On 23rd December 2025, USD/CAD touched a low of 1.3688, which proved to be a significant support level. The price action on this day reflected hesitation among sellers, as the pair failed to extend losses beyond this point. The candlestick structure showed a relatively small body with a lower wick, indicating rejection at lower levels and suggesting that buyers were active near the 1.3690 psychological zone.

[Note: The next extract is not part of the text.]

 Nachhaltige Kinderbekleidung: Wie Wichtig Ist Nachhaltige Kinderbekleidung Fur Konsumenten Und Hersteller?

From a daily chart perspective, the moving averages provided a clear picture of the prevailing trend. The 20 day moving average was positioned around 1.3740, just above the day’s low, which reinforced the idea of short term support pressure. The 50 day moving average was located near 1.3855 and was sloping downward, confirming medium term weakness. The 200 day moving average stood at approximately 1.3650, still pointing upward, which highlighted that the long term bias remained bullish despite the short term correction. Momentum indicators supported this mixed view. The Relative Strength Index (RSI) hovered around 43, a level that reflects neutral to bearish momentum, while the MACD histogram remained negative with the signal line below zero, confirming that bearish undertones were still present in the market.

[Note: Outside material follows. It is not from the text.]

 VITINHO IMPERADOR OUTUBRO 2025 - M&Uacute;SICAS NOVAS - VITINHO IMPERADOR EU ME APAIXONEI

On the four hour chart, the pair showed consolidation after touching 1.3688. The stochastic oscillator was positioned near 34, which indicated oversold conditions and the possibility of a short term rebound. Momentum readings were flattening, suggesting that sellers were not able to push the pair lower with conviction. Immediate resistance was seen at 1.3740, with stronger resistance at 1.3780. Support was clearly defined at 1.3685–1.3690, with the next level of support at 1.3640. This intraday structure pointed to range bound trading conditions, with buyers defending the lower boundary.

The weekly chart provided a broader perspective. USD/CAD has been in a corrective phase since the November 2025 highs near 1.3975, characterized by lower highs and lower lows. Volatility, measured by the Average True Range (ATR), was moderate at around 0.0070, suggesting that price swings were contained but directional bias remained weak. A Fibonacci retracement drawn from the July 2025 low of 1.3200 to the November high of 1.3975 revealed important levels. The 38.2 percent retracement stood at 1.3685, the 50 percent retracement at 1.3585, and the 61.8 percent retracement at 1.3485. The low of 1.3688 coincided almost exactly with the 38.2 percent retracement, which reinforced the idea that the market was testing a critical support zone where buyers were likely to be active.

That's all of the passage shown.